Healthy Vegetarian Meal Plans Week 47
It’s that time again! This week’s meal plan is getting summery with Grilled Portobello Quesadillas, Kale Pesto Pasta, Thai Zucchini Soup, Mediterranean Pitas, and Spring Veggie Bowls with Cilantro Lime Crema.
I hope you find something you like and that you have a wonderful weekend!
Grilled Portobello and Summer Squash Quesadillas from The Roasted Root
Prep Ahead Tip: The vegetables can be grilled up to 3 days in advance.
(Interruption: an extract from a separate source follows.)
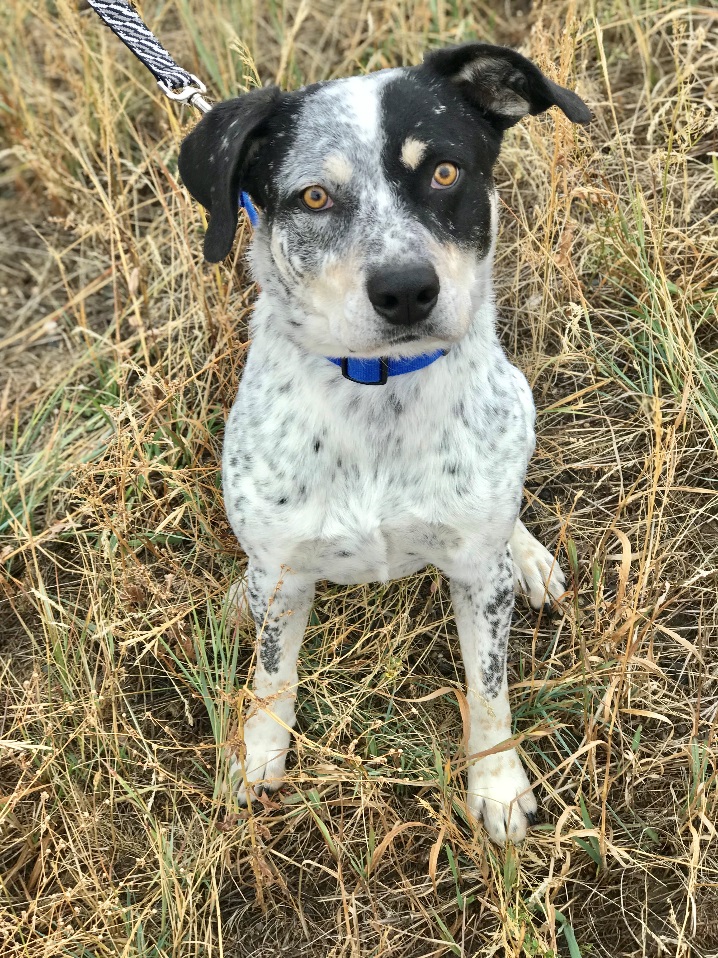 10 Days of Furry Friends: Our furry friend of the Day! Meet Aspen!! Main Photo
Vegan/Gluten-free Substitutions: Use vegan cheese of choice, or mash up 3 avocados and use mashed avocado in place of cheese. Could also use hummus in place of cheese. Use gluten-free or whole grain flour tortillas.
Kale Pesto Pasta with Burst Cherry Tomatoes from Making Thyme for Health
Prep Ahead Tip: Pesto can be made up to 2 days in advance.
Vegan/Gluten-free Substitutions: Recipe is vegan. Use gluten-free pasta to make GF.
Thai Zucchini Soup from Eats Well With Others
Prep Ahead Tip: Cook the brown rice ahead of time. The soup itself is very quick to come together.
Vegan/Gluten-free Substitutions: To make this recipe vegan, substitute the butter with olive or coconut oil. It is already gluten free.
Mediterranean Chopped Salad Pitas from She Likes Food
Prep Ahead Tip: The recipe comes together very quickly so there is no need to make any of it ahead of time.
Vegan/Gluten-free Substitutions: Use gluten free pita to make gluten free. If making vegan, either omit the feta cheese or use tofu feta cheese.
Spring Veggie Bowls with Cilantro Lime Crema from Hummusapien
Prep Ahead Tip: Dressing can be made ahead of time.
Vegan/Gluten-free Substitutions: Recipe is vegan. Use a gluten-free grain like quinoa or brown rice for gluten-free.